Firma matka General Motors ogłosiła w marcu o zamknięciu fabryki w Petersburgu i wycofaniu marki Opla z Rosji, której gospodarka ucierpiała z powodu spadku cen ropy, osłabienia rubla i zachodnich sankcji za Ukrainę.

Opel planował tam początkowo sprzedaż ponad 80 tys. samochodów w tym roku, ale po 6 miesiącach rynek ten skurczył się o 73 proc. do ok. 9 tys. sztuk.

Niemcy skrócą teraz czas pracy w głównym zakładzie w Rüsselsheim i w Eisenach. „Dzięki temu zostaną zmniejszone zapasy i związane z nimi koszty” — poinformowali. Firma wystąpi o subwencje w ramach rządowego programu o krótszym czasie pracy (Kurzarbeit) dla 25 dni roboczych w Eisenach i 25 w Rüsselsheim.

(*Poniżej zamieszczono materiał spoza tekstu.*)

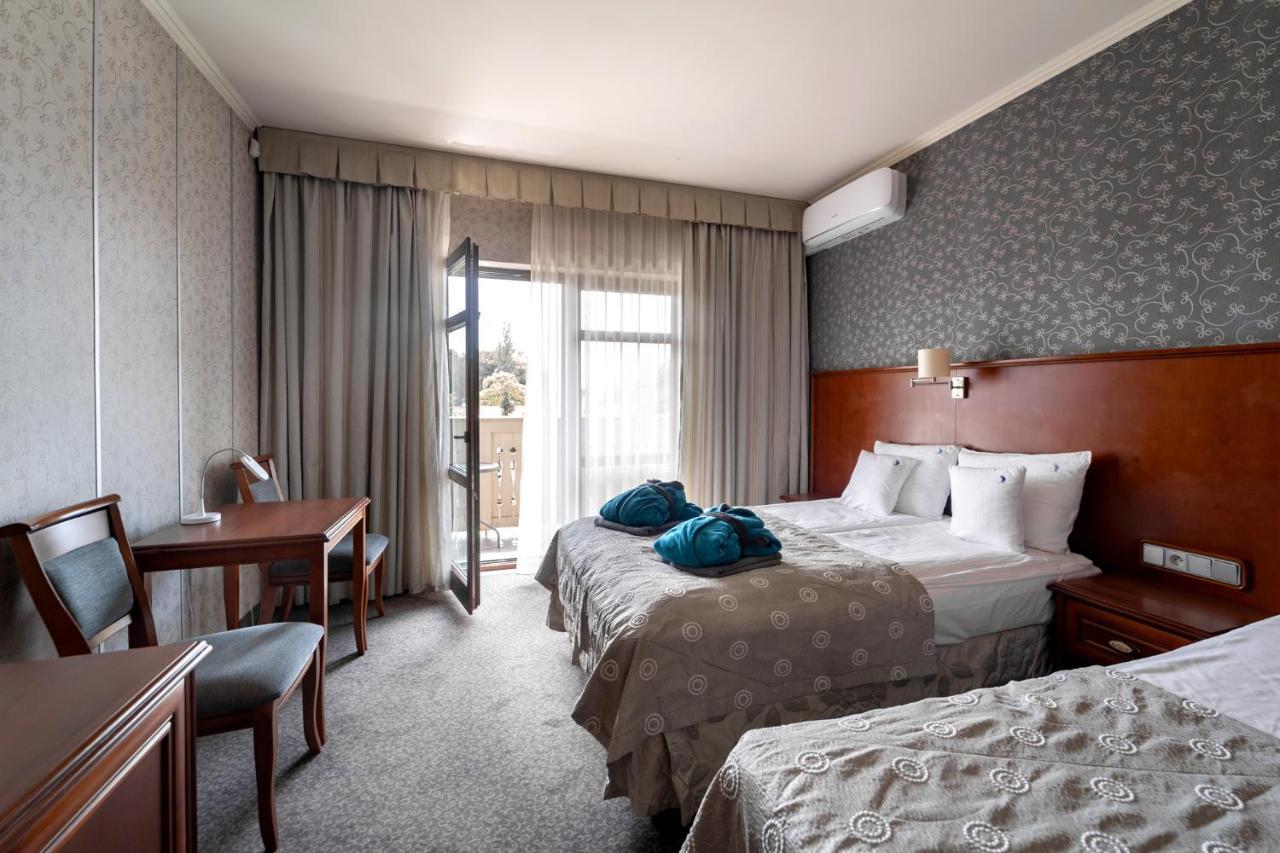 Hotel&Spa Stary Dziwnow Basen Swimming Pool Экстерьер фото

Takie rozwiązanie pozwala firmom zachować dotychczasowe zatrudnienie zmniejszając czas pracy, gdy maleje wykorzystanie fabryk, a rząd wyrównuje pracownikom część utraconych zarobków. Mimo wszystko Opel jest pewien, że będzie kontynuować w tym roku tendencję wzrostu sprzedaży z ostatnich 2 lat, po 6 miesiącach sprzedał w Europie 582 300 samochodów, +3 proc.